Mercy understands this. Mercy understands that we all make mistakes. Some of us make many. Mercy understands that even people who disagree with me or who choose to prioritize very differently from what I prefer, are people who are loved by God and whom I’m called to love. Mercy understands. Mercy forgives. Mercy gives another chance. Mercy assumes the best even when evidence seems to suggest that people will never change. Mercy is aware of the fact that all people can change. Because there is a God. And he can change the hearts of anybody.

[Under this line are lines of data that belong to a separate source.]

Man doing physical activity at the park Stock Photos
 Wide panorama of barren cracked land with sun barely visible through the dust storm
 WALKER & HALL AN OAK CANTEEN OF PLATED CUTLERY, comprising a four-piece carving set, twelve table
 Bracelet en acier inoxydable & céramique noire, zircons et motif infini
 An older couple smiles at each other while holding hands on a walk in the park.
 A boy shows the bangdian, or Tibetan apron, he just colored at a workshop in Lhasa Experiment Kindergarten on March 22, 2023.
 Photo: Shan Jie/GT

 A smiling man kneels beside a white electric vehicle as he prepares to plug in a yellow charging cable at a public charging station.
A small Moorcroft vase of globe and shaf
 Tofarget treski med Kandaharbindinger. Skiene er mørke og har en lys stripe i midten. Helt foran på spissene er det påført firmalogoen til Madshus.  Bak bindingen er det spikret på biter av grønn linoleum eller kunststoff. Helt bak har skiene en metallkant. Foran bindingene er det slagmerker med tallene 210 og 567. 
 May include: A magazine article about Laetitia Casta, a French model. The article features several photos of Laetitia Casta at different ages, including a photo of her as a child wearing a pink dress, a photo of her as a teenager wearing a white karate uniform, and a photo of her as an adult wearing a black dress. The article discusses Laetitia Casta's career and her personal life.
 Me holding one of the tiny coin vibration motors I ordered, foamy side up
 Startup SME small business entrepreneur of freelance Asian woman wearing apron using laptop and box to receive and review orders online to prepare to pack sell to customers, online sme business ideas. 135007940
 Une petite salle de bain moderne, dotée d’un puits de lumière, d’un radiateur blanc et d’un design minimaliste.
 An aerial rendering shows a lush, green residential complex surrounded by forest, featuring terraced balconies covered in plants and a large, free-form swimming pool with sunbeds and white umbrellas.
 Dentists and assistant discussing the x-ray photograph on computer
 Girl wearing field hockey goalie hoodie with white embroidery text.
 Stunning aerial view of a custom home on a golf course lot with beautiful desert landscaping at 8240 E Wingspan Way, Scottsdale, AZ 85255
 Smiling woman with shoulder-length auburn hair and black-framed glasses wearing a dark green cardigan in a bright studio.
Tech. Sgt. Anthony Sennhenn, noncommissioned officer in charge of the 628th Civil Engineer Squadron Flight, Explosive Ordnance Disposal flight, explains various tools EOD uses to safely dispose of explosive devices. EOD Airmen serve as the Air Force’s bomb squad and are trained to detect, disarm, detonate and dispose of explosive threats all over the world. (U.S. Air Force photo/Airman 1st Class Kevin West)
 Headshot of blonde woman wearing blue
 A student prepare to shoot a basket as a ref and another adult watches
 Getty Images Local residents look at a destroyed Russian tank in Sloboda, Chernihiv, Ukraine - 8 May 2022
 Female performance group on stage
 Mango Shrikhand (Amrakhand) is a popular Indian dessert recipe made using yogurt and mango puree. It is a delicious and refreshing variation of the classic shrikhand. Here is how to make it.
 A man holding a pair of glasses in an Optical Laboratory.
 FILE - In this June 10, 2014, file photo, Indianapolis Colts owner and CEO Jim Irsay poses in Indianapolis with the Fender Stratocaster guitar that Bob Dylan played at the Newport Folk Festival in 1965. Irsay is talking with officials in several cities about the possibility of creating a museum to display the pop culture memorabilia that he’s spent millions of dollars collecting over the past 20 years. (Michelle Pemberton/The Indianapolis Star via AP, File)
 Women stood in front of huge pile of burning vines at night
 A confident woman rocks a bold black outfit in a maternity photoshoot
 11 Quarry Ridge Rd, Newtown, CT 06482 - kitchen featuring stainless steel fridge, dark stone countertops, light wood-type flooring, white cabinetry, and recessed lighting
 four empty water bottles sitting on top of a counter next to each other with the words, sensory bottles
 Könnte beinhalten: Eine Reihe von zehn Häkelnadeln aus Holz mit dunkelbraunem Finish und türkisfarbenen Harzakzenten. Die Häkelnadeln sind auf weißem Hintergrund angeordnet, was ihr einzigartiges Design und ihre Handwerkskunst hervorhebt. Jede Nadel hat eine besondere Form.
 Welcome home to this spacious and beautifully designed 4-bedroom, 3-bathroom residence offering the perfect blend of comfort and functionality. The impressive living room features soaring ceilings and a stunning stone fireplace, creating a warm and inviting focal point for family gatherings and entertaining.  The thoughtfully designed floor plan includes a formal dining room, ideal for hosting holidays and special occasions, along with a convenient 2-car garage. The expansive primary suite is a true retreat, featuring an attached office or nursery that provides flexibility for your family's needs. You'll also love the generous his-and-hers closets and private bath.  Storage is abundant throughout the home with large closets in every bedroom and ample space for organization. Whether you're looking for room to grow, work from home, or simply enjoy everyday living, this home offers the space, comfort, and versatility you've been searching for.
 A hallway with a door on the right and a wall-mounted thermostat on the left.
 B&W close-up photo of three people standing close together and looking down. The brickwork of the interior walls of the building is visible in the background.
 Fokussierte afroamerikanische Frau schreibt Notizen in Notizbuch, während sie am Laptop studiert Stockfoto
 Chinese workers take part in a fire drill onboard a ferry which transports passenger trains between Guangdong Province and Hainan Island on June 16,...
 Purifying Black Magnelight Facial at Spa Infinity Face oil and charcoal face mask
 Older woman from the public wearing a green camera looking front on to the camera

I have also learned some about having mercy on myself. The dictionary definition talks about power. And it’s within my power to give myself a hard time when I make poor choices. I may even feel that justice is served when I hate myself or reject myself. Henri Nouwen reminds me that: “Self-rejection is the single greatest enemy of spiritual life, because it contradicts the voice that calls us the Beloved“, and I don’t want to live in self-rejection. I wan to have mercy on myself too.
I am excited to see what this new year holds. And I’m looking forward to taking more steps down the path of mercy. I need it. I need more healing of my soul. I am thankful that God’s mercy towards me is guaranteed:
“For we do not have a high priest who is unable to sympathize with our weaknesses, but we have one who has been tempted in every way, just as we are – yet was without sin. Let us then approach the throne of grace with confidence, so that we may receive mercy and find grace to help us in our time of need” (Hebrews 4:15-16)
I wonder what word of the year 2010 will hold for me?